Denis Boileau ne s’étonne pas des problèmes de transport adapté à Ottawa.

« Je ne veux pas dénigrer la Ville d’Ottawa. On fait du mieux qu’on peut, mais il y a beaucoup de choses qu’on peut améliorer », avance le directeur général du Centre de services Vista pour traumatisés crâniens (CSVTC), et porte-parole de la Coalition des personnes handicapées d’Ottawa.

« Ce n’est pas seulement un problème à la Ville d’Ottawa.
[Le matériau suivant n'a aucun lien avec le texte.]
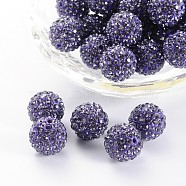 Polymer Clay Rhinestone Beads, Pave Disco Ball Beads, Grade A, Tanzanite, PP13(1.9~2mm), 10mm, Hole: 1.5mm(X-RB-H284-10MM-539)
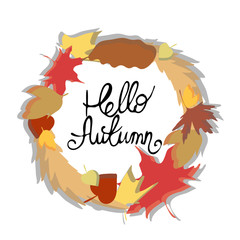 Hello autumn. Golden autumn, wreath for greeting cards. Autumn leaves, decoration.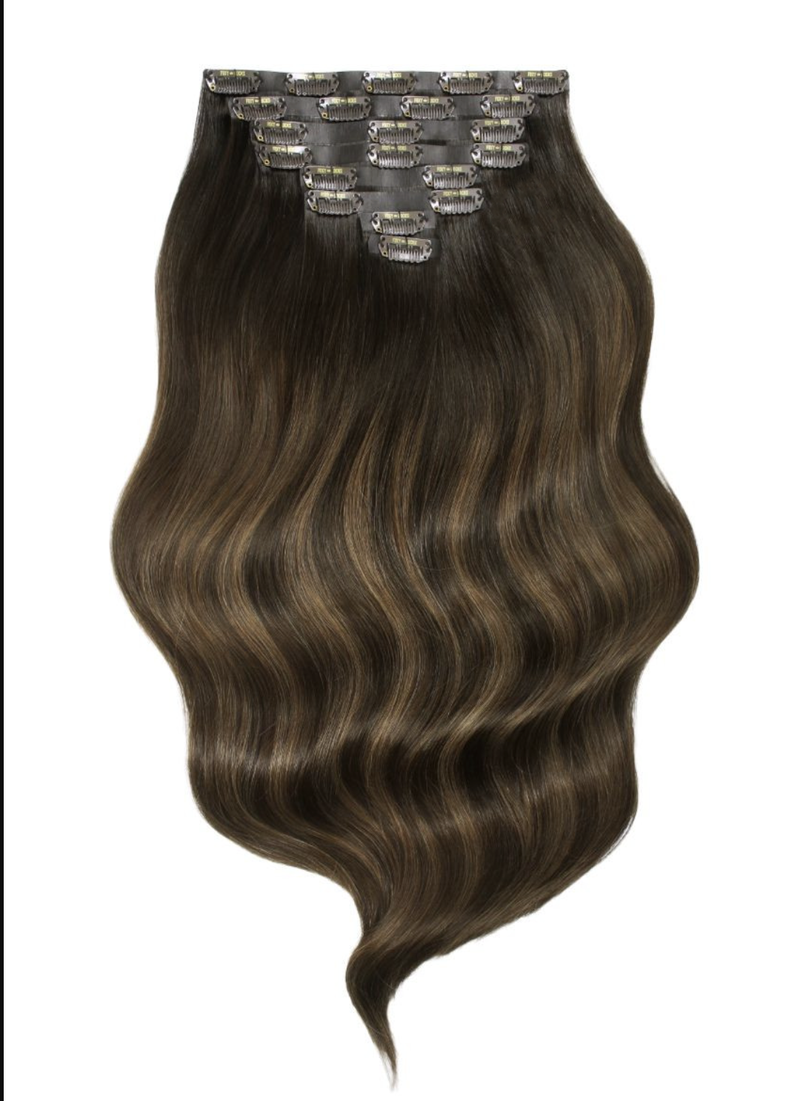 Hamvas Sötétbarna Balayage csatos póthaj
Je peux aussi parler des villes de Montréal et de Toronto qui ont des problèmes semblables. » – Denis Boileau, membre de la Coalition des personnes handicapées d’Ottawa

Selon M. Boileau, la pandémie a même exacerbé le problème en ce qui concerne les taxis.

Le porte-parole du CSVTC évalue qu’il y a maintenant la moitié moins de taxis adaptés qu’avant la pandémie.
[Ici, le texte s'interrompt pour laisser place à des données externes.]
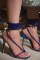 Blue Casual Patchwork Rhinestone Square Out Door Shoes  (Heel Height 4.53in)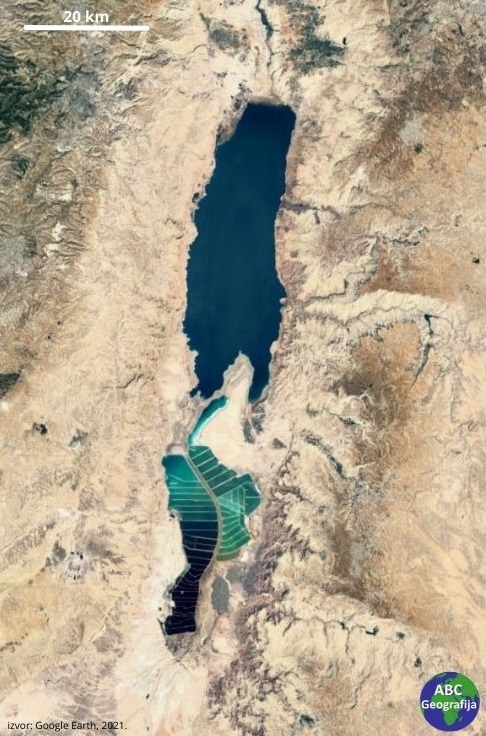 Mrtvo more - satelitska snimka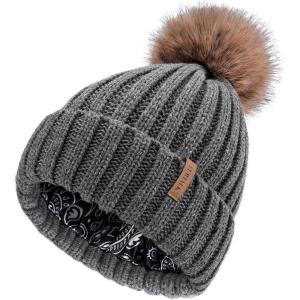 imageFURTALK Womens Winter Beanie Hat Satin Lined Faux Fur Pom Pom Beanies Hat for Women Winter Warm Knit HatsDark Grey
Le porte-parole demande à ce que les heures d’opérations de Para Transpo soient revues pour que le service soit disponible 24 heures sur 24, 7 jours sur 7.

« On ne veut pas se sentir des citoyens moindres que les autres citoyens qui n’ont pas de problèmes d’accessibilité », poursuit M. Boileau. « On a des besoins comme tout le monde, à toute heure de la journée. »

Comme Linda Paul, il souhaite que les services de Para Transpo puissent être réservés la journée même.

« Vous êtes une personne avec un handicap, peu importe, vous avez des problèmes d’accessibilité, vous voulez aller voir votre médecin parce que vous ne vous sentez pas bien, essayer d’obtenir le service de Para Transpo la même journée, ça va être très compliqué », lance-t-il.

Que disent certains candidats à la mairie ?

Catherine McKenney, qui brigue la mairie d’Ottawa, ouvre la porte à ce que la Ville s’implique financièrement pour inciter les compagnies de taxi à rendre plus de taxis adaptés disponibles.

« Nous devons nous assurer que nous donnons assez d’incitatifs aux propriétaires de taxi pour qu’ils fournissent à leur tour plus de taxis adaptés », poursuit Catherine McKenney, qui souhaite aussi doubler la surcharge demandée à chaque voyageur pour un voyage en taxi afin de financer le transport adapté. « Si on n’a que 10 voitures adaptées sur la route, nous n’y arriverons pas. »

De son côté, le candidat à la mairie Mark Sutcliffe dit qu’il annoncera son plan en matière de transport et d’accessibilité plus tard dans la campagne. Il convient que les services de Para Transpo ne remplissent pas ses attentes.

« Je me présente à la mairie d’Ottawa pour une ville plus sécuritaire, fiable, et abordable. Ceci inclut une ville sécuritaire et fiable pour ceux qui ont des difficultés de mobilité », a indiqué son équipe de campagne par courriel. « Présentement, le système de transport collectif Para Transpo n’est pas fiable, c’est un enjeu que je compte aborder dans les prochaines semaines. »

Le candidat Bob Chiarelli n’a pas répondu aux demandes d’entrevue de Radio-Canada au moment d’écrire ces lignes.